A votação do projeto de lei que estabelece regras para a atividade de diarista foi adiada nesta quarta-feira (22) na Comissão de Assuntos Sociais do Senado. Um requerimento da senadora Fátima Cleide (PT-RO), aprovado pelos membros da comissão, solicita que sejam realizadas mais duas audiências públicas para debater o tema, antes da apreciação da matéria.

O projeto (PL 160/2009) ainda não tem consenso para ser apreciado. Sindicalistas ligados à categoria das empregadas domésticas e das diaristas não aprovam o substitutivo do relator, senador Lobão Filho (PMDB-MA). O relatório modifica o projeto original da senadora Serys Slhessarenko (PT-MT) e acrescenta carga horária e piso salarial para a categoria.

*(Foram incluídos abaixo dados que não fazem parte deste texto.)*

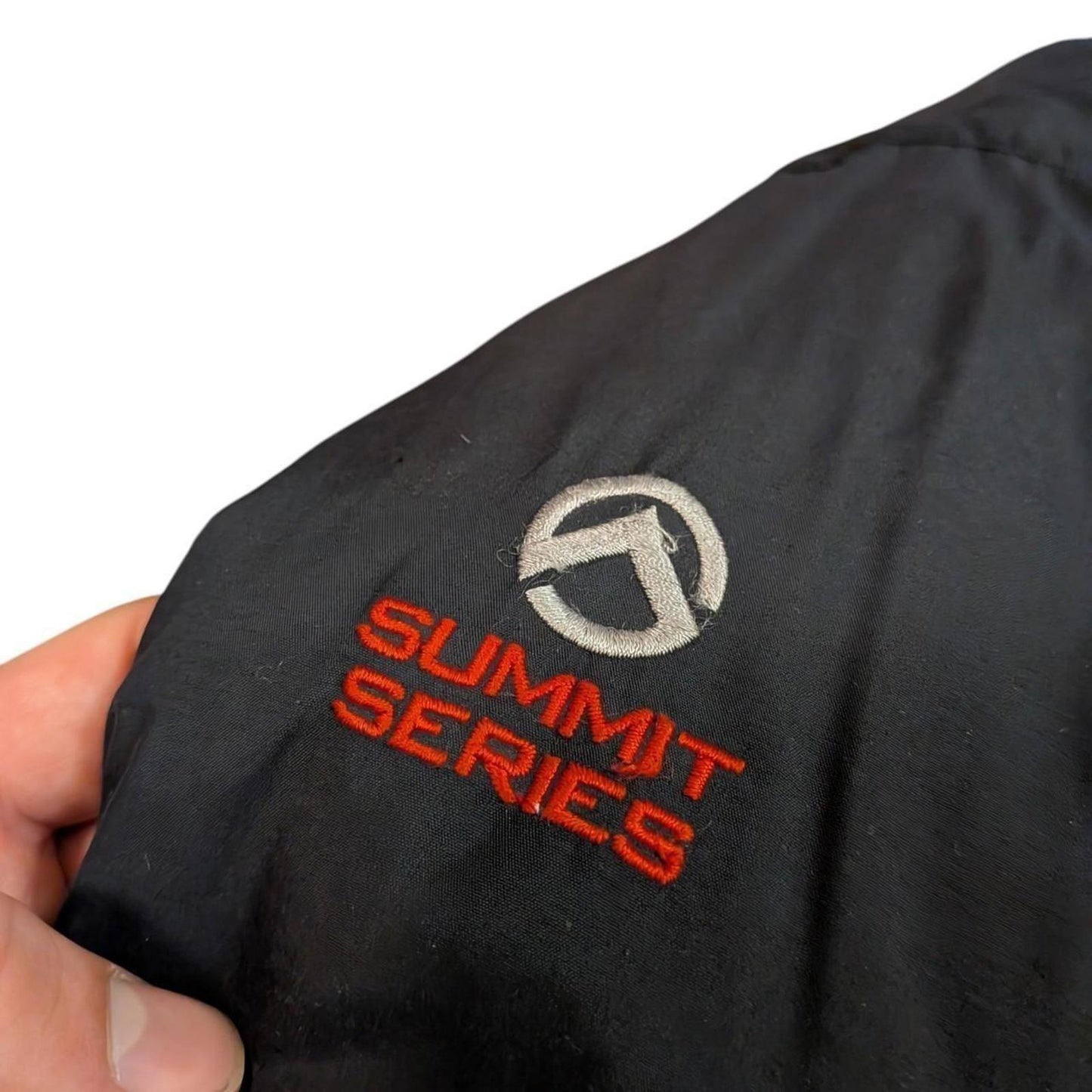 The North Face Puffer Jacket (XL)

O PL inicial define que diarista é o trabalhador que presta serviços por, no máximo, duas vezes por semana para o mesmo contratante, sem vínculo empregatício. Se trabalhar mais de duas vezes por semana na mesma casa, a diarista passa a ser considerada empregada doméstica, o que torna obrigatória a assinatura da carteira de trabalho pelo empregador. (veja o PL original).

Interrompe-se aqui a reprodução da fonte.